» Exercise inputs
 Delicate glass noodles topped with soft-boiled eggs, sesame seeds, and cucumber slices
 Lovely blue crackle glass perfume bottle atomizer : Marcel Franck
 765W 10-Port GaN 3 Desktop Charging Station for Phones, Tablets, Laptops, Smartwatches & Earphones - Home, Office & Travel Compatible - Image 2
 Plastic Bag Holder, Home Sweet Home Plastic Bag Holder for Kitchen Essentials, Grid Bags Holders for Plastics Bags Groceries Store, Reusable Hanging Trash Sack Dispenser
==
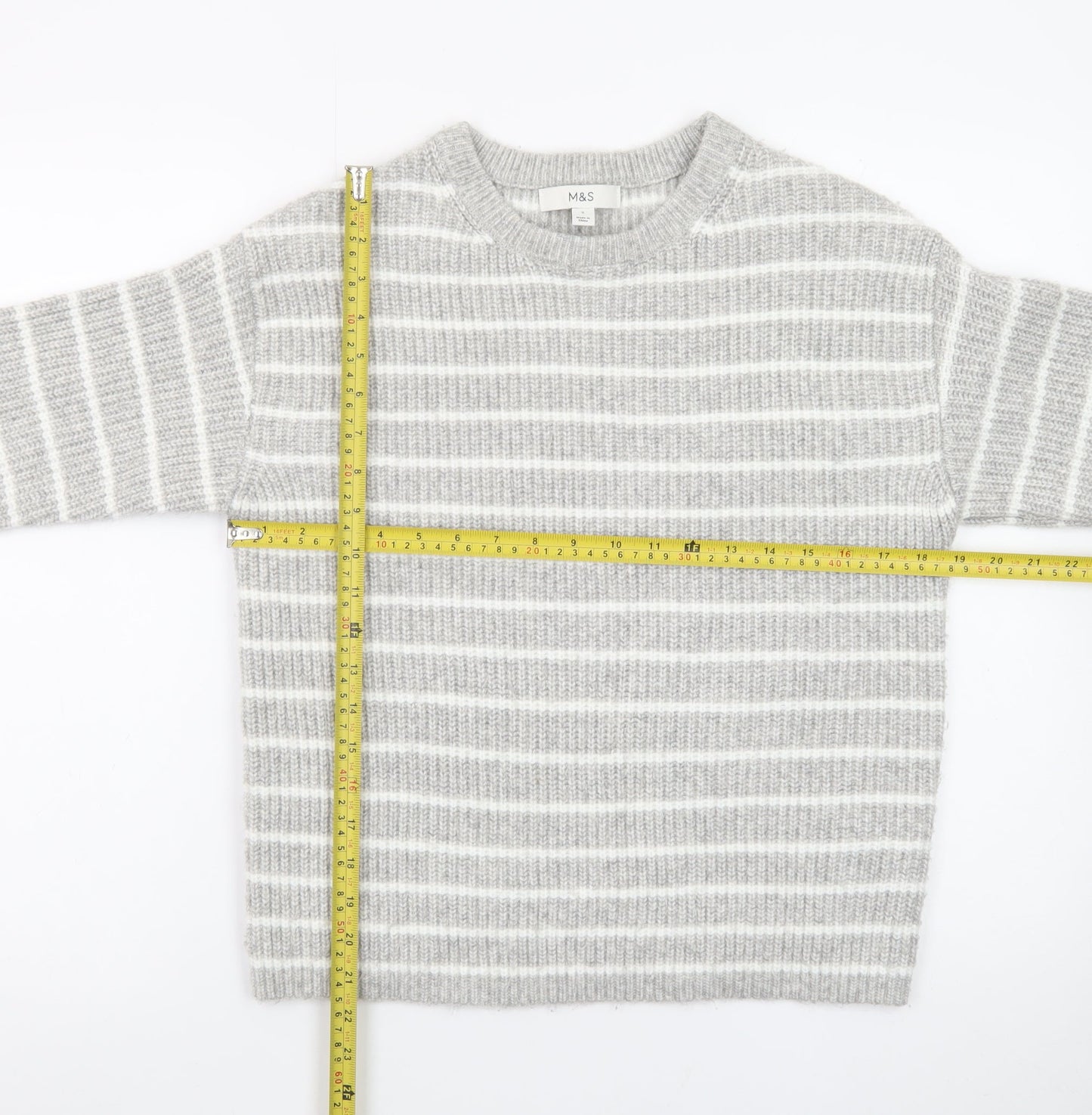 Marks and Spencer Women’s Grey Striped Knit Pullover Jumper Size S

» Assignment
In the data above, find the line with "Delicate glass noodles" and the line with "Plastic Bag Holder, Home". Retype both, plus every line between them, exactly.

» Answer space
 Delicate glass noodles topped with soft-boiled eggs, sesame seeds, and cucumber slices
 Lovely blue crackle glass perfume bottle atomizer : Marcel Franck
 765W 10-Port GaN 3 Desktop Charging Station for Phones, Tablets, Laptops, Smartwatches & Earphones - Home, Office & Travel Compatible - Image 2
 Plastic Bag Holder, Home Sweet Home Plastic Bag Holder for Kitchen Essentials, Grid Bags Holders for Plastics Bags Groceries Store, Reusable Hanging Trash Sack Dispenser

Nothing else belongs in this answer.